Sixers – Pacers 98:101
Zawodnicy Philadelphii 76ers cały czas starają się gonić wyprzedzającą ich trójkę: Pacers, Cavs, Wizards i jednocześnie odpierać ataki Miami i Bucks znajdujących się niżej w tabeli konferencji wschodniej. Dzisiaj niestety Ci pierwsi im odskoczą, a drudzy się do nich zbliżą, bo mecz z Indianą zakończył się porażką 98 do 101.
Początek spotkania był bardzo wyrównany, z minimalną przewagą gości. W połowie pierwszej kwarty run 8-0 pozwolił wyjść „Szóstkom” na prowadzenie, które jednak szybko stracili po kilku błędach i odpowiedzi 14-0 ze strony przyjezdnych. Ostatecznie po pierwszej kwarcie Pacers prowadzili 33:23, a gospodarze mieli na koncie już 7 strat.

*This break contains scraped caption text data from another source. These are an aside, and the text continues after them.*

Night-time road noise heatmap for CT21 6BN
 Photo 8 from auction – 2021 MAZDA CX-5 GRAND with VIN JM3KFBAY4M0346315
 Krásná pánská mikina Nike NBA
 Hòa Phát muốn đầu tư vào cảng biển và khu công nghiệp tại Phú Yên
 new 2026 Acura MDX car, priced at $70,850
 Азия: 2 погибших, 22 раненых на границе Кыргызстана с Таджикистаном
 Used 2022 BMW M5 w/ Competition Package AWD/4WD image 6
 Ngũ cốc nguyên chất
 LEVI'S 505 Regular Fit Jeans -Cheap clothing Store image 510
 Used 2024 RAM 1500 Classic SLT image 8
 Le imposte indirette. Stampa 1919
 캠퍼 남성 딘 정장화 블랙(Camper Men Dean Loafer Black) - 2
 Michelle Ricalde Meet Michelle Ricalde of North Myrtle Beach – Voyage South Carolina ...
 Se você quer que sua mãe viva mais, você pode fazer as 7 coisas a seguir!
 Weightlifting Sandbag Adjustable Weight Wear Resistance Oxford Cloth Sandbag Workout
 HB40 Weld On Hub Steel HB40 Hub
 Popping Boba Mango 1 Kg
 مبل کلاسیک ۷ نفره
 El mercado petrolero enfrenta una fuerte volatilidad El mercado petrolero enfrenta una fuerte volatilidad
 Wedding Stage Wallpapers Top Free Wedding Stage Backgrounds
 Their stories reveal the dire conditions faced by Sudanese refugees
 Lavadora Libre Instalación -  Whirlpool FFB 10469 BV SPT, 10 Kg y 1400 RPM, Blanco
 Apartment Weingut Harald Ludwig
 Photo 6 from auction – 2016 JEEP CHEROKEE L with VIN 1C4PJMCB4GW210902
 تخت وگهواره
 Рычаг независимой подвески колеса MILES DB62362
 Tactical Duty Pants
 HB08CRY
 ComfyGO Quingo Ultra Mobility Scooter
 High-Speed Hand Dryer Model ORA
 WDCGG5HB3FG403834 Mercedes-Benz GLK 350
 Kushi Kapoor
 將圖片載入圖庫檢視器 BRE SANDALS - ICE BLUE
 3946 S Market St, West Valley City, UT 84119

W drugiej ćwiartce Sixers wciąż nie byli w stanie złapać swojego rytmu i zatrzymać rozpędzonych Pacers, którzy byli lepsi w każdym aspekcie gry. Wydawało się, że przełamanie przyszło mniej więcej w połowie kwarty, kiedy po serii kilku trójek udało się zmniejszyć straty do 4 oczek. Niestety gracze z Indianapolis ugasili pożar i dowieźli do przerwy minimalną przewagę 57:53.
Po zmianie stron Sixers cały czas siedzieli na karku rywali, ale nie mogli ostatecznie przejąć inicjatywy i na początku ostatniej kwarty różnica punktowa była taka sama jak 12 minut gry wcześniej. W niej, wciąż brakowało „kropki nad i”. Udawało się zbliżyć wiele razy na 2-3 oczka, ale cały czas prowadzenie wymykało się z rąk gospodarzy. Na nieco ponad 4 minuty do końca meczu, po efektownym wsadzie Embiida strata znowu wynosiła 3 punkty( 89-92). Niestety wtedy po raz kolejny coś się zacięło i Pacers rzucili 5 punktów z rzędu, co praktycznie zapewniło im zwycięstwo. Co prawda Sixers mieli jeszcze szanse w ostatnich sekundach rzutem na taśmę wyrównać, ale zagrywka na Embiida do rzutu za trzy (?!) się nie udała.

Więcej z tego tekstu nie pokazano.